Internacional
Brasil fortalece parcerias científicas com BRICS em conferência de matemática
Nos últimos anos, o Brasil avançou bastante, tendo muitas colaborações com a China
O Brasil está ampliando suas parcerias científicas para além do eixo Europa-EUA, conforme destacaram pesquisadores durante o 7º Congresso de Matemática BRICS, realizado de 19 a 21 de agosto na Universidade de São Paulo (USP).
No evento, representantes de Brasil, Rússia, Índia, China e África do Sul discutiram estratégias para fortalecer a cooperação entre países do Sul Global.

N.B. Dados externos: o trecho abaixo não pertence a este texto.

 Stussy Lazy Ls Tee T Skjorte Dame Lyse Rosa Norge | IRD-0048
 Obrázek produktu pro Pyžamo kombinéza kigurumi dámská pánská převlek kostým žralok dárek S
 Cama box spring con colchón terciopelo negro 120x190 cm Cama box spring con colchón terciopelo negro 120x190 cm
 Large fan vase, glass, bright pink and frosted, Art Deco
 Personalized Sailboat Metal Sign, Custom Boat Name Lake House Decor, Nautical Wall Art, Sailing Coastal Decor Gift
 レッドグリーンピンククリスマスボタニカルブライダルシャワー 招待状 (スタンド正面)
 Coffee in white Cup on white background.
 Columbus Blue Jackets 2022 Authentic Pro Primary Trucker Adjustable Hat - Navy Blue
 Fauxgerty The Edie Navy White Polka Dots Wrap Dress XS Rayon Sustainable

Jaqueline Godoy Mesquita, presidente da Sociedade Brasileira de Matemática (SBM) e professora da Unicamp, afirmou que, historicamente, o Brasil concentrou colaborações no Norte Global, mas esse cenário está mudando.
"Nos últimos anos, o Brasil avançou bastante, tendo muitas colaborações com a China. A China tem sido uma parceira estratégica do Brasil, mas também o Brasil tem várias colaborações com a Rússia, com a Índia", destacou Jaqueline.

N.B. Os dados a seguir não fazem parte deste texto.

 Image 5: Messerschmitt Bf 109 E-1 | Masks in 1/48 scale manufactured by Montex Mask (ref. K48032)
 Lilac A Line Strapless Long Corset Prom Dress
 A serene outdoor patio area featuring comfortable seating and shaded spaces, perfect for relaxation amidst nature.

Segundo ela, o congresso buscou criar novas estruturas de colaboração entre os países do bloco. "A ideia do BRICS é a gente estreitar ainda mais essas relações, a gente olhar um pouco mais pro Sul Global e tentar estreitar as nossas relações na área da matemática com esses países", pontuou.

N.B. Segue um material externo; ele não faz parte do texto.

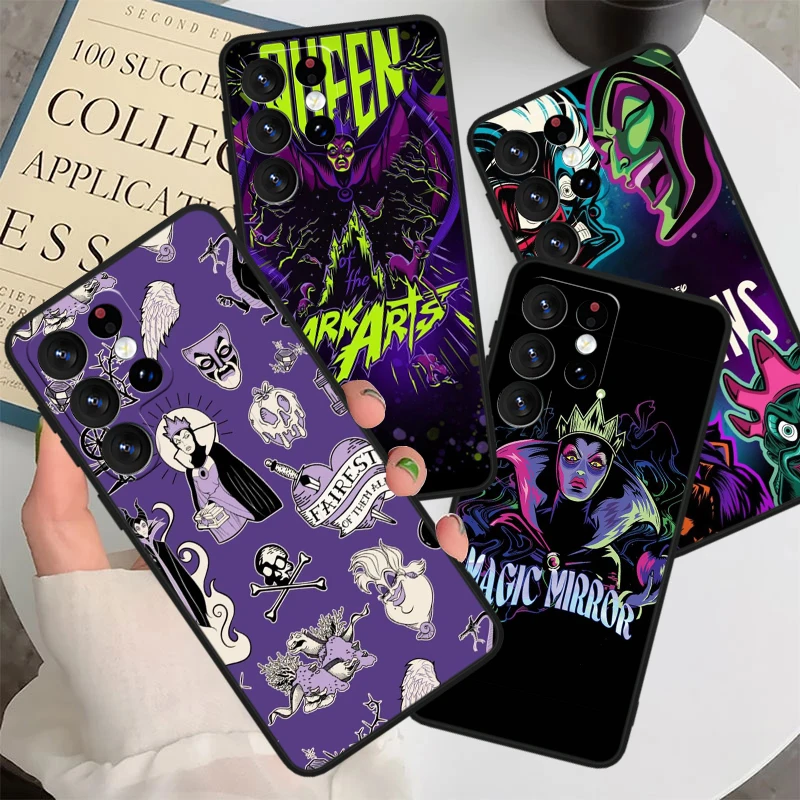 Cool Disney Evil Queen For Samsung S24 S23 S22 S21 S20 FE S10e S10 S9 Ultra Plus Plus Soft Silicone Black Phone Case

A proposta inclui a criação de periódicos científicos, prêmios e eventos regionais para fortalecer a pesquisa no Sul Global.
Marcone Corrêa Pereira, professor da USP e membro do comitê organizador, ressaltou a intensidade do encontro: "Foram quatro dias, basicamente a gente da organização estava trabalhando mais de 12 horas por dia, encontrando o pessoal, discutindo matemática, também questões até associadas às políticas."
Pereira enfatizou o valor da troca de experiências culturais proporcionada pelo evento. "A gente está acostumado com a cultura ocidental. E aí a gente também passa a ter conhecimento da cultura asiática, indiana, chinesa, russa e também da África do Sul. É curioso como é diferente mesmo, e esse tipo de evento é muito importante nesse sentido."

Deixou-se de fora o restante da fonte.